*** Opening Given material ***

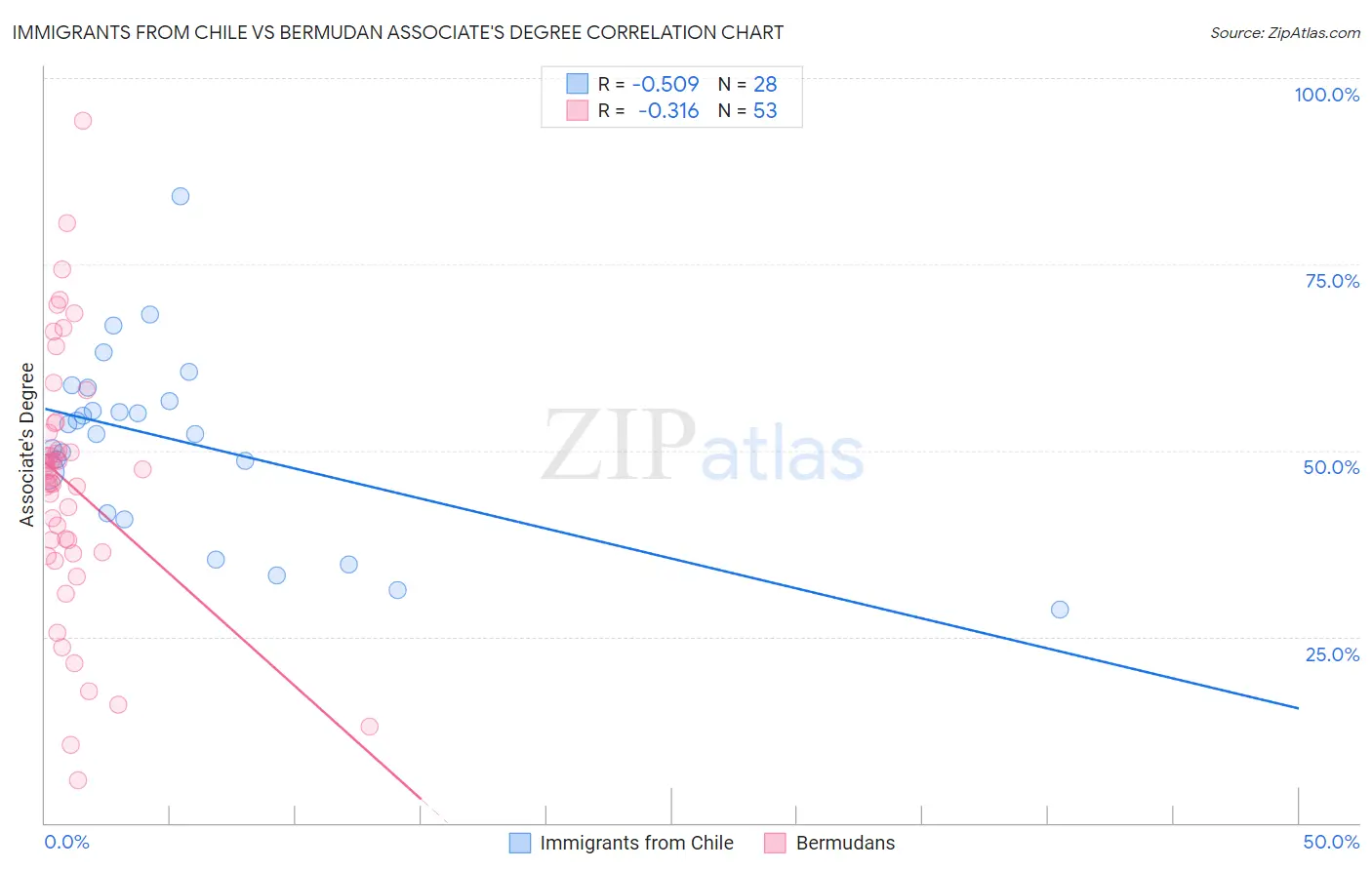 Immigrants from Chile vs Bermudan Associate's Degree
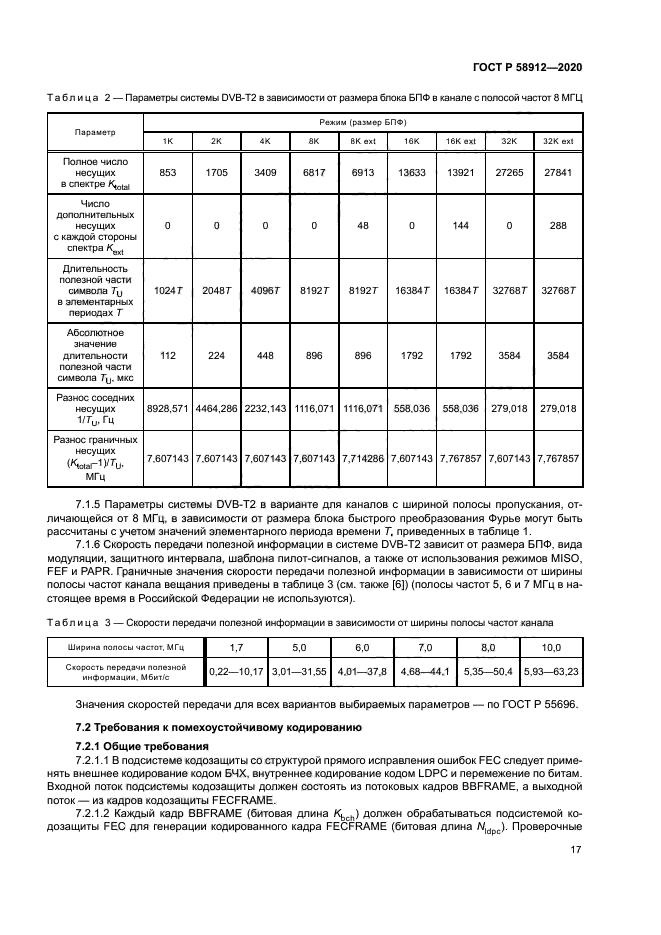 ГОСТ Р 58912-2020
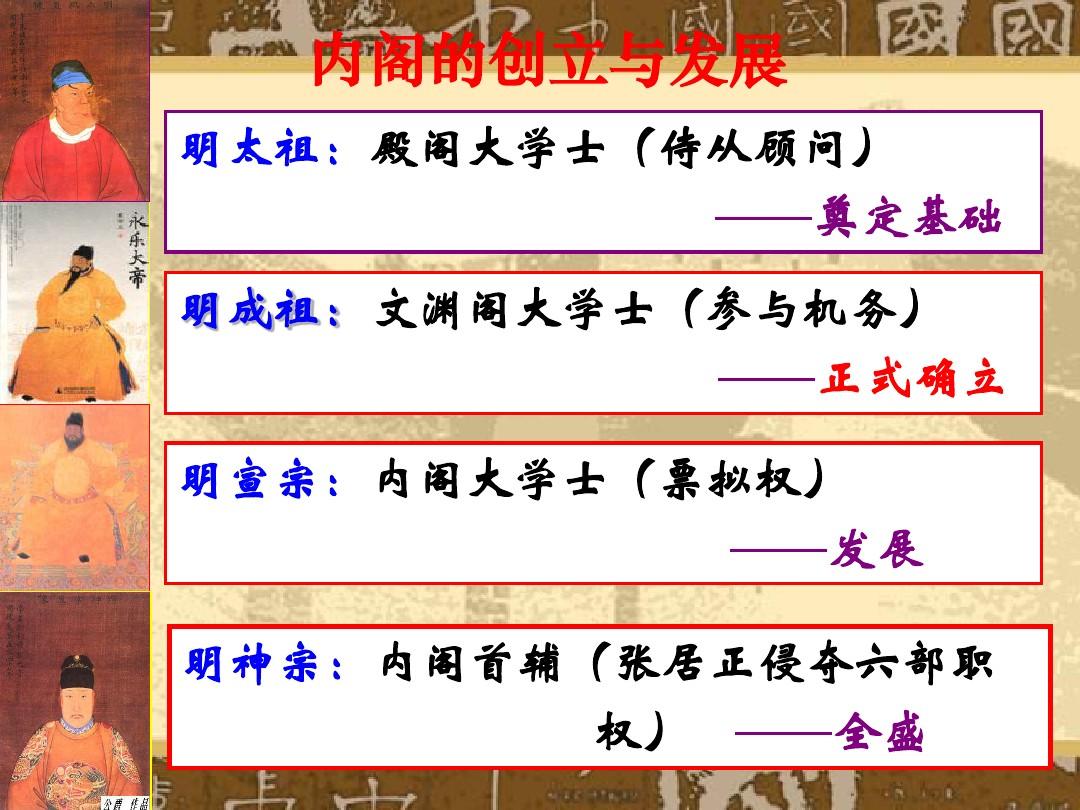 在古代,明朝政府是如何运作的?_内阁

*** Closing Given material ***

### Try it
With the images removed, reproduce all the material above word for word.

### Your response
 Immigrants from Chile vs Bermudan Associate's Degree
 ГОСТ Р 58912-2020
 在古代,明朝政府是如何运作的?_内阁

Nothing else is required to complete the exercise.